Original authors: Silpa Vadakkeeveetil Sreelatha, Dan Wang, Serge Belongie, Muhammad Awais, Anjan Dutta

Published 2026-06-17

📖 4 min read☕ Coffee break read

Original authors: Silpa Vadakkeeveetil Sreelatha, Dan Wang, Serge Belongie, Muhammad Awais, Anjan Dutta

Original paper licensed under CC BY 4.0 (http://creativecommons.org/licenses/by/4.0/). ✨ This is an AI-generated explanation of the paper below. It is not written or endorsed by the authors. For technical accuracy, refer to the original paper. Read full disclaimer

Imagine a giant, magical painting machine (a Text-to-Image AI) that has been trained on billions of pictures from the internet. You can tell it, "Draw a doctor," and it will paint one. But, because it learned from the real world, it has picked up on real-world biases. If you ask for a "doctor," it almost always paints a man in a white coat. If you ask for a "nurse," it almost always paints a woman.

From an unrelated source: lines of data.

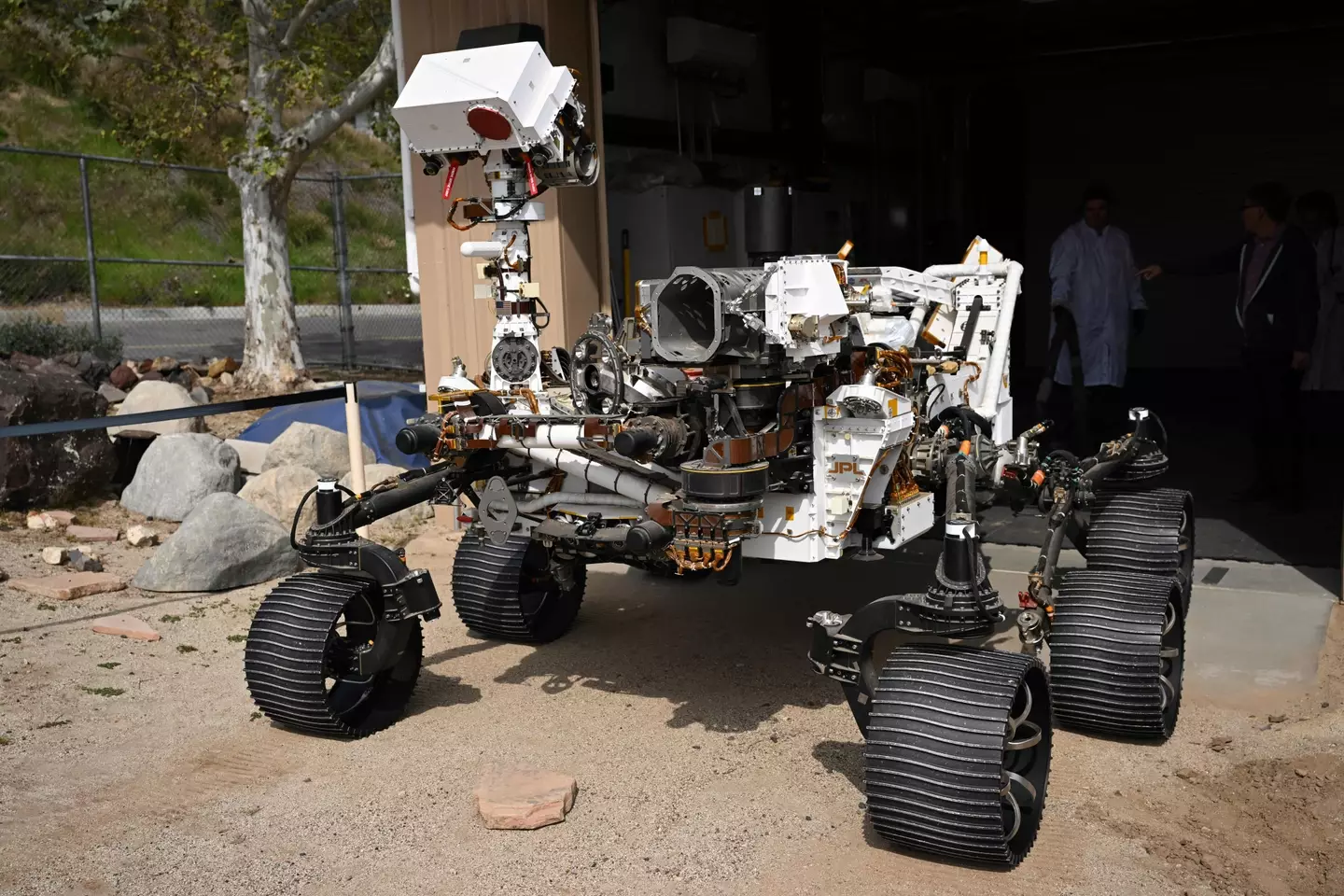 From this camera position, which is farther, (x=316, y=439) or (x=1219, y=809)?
(x=316, y=439)

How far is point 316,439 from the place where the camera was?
978 cm

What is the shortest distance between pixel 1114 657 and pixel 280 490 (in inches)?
241

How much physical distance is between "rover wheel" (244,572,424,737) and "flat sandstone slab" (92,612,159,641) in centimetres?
175

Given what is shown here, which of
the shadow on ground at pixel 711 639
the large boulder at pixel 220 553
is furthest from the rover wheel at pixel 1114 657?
the large boulder at pixel 220 553

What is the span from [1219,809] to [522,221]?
3.35 m

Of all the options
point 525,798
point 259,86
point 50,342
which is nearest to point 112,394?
point 50,342

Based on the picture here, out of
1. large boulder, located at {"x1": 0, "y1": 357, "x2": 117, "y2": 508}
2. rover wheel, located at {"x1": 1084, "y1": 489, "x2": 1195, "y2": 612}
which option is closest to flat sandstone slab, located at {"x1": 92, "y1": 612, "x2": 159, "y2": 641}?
large boulder, located at {"x1": 0, "y1": 357, "x2": 117, "y2": 508}

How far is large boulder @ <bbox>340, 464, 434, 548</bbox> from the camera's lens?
8.69 metres

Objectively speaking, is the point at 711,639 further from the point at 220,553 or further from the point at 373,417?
the point at 373,417

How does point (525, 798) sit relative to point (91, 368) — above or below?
below

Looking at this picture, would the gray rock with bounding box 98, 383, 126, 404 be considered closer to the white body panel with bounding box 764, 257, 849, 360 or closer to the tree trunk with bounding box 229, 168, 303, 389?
the tree trunk with bounding box 229, 168, 303, 389

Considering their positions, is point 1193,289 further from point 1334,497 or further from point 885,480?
point 885,480

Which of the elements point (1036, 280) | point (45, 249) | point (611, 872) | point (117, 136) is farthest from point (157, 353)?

The problem is, we usually only check for the big, obvious biases we already know about (like gender or race). But what about the weird, rare, or subtle things the machine could paint but just never chooses to? Maybe it knows how to paint a doctor with curly hair or a doctor in a vintage photo, but it keeps ignoring those ideas.

Enter RAIGen.

Think of the AI's brain as a massive library of "neurons" (little switches that light up when the AI thinks about specific things). Most of the time, the same few switches light up over and over again (the "popular" ideas). The rare ideas are hidden in switches that almost never get turned on.

How RAIGen Works (The "Matryoshka" Analogy)

The Russian Dolls (Matryoshka Sparse Autoencoders):
Imagine the AI's brain is a set of Russian nesting dolls. The outer dolls are big and cover broad ideas (like "a person"). The inner dolls are tiny and cover very specific details (like "a specific type of hat").
RAIGen uses a special tool called a Matryoshka Sparse Autoencoder to open these dolls. It doesn't just look at the big picture; it peels back the layers to find the tiny, specific switches inside.
The "Quiet Neuron" Detector:
RAIGen looks for the switches that are the quietest. It asks two questions:
- How rarely does this switch turn on? (If it only lights up 1% of the time, it's a "rare" idea).
- Is this switch unique? (Does it represent something totally different from the average, or is it just a noisy glitch?).
If a switch is quiet and unique, RAIGen flags it as a "Rare Attribute."
The Treasure Hunt:
Once RAIGen finds these quiet switches, it looks at the pictures that made them light up. It might find a picture of a "female doctor in a black-and-white portrait" or a "train with huge smoke plumes." These are things the AI knows how to draw, but it usually skips them in favor of the "standard" versions.

What RAIGen Actually Found

The researchers tested this on popular AI models (like Stable Diffusion) and found:

It finds hidden gems: It discovered rare concepts that standard bias checkers missed, like specific hairstyles, cultural symbols, or unusual camera angles.
It works on different models: It found these rare traits in both older, smaller models and newer, massive ones.
It's not just about fairness: It found rare things that aren't about gender or race, but about style and context (like a "doctor holding a medical chart" vs. just a generic doctor).

The "Volume Knob" Effect

The coolest part is what happens next. Once RAIGen identifies these quiet switches, the researchers showed they could "turn up the volume" on them. By slightly changing the text prompt based on what RAIGen found, they could force the AI to draw these rare pictures much more often.

The Bottom Line

RAIGen is like a detective that listens to the AI's internal thoughts to find the ideas it is secretly holding back. It doesn't just tell us what the AI is bad at; it tells us what the AI is ignoring. This helps us understand the full range of what these models can do, not just the most common things they produce.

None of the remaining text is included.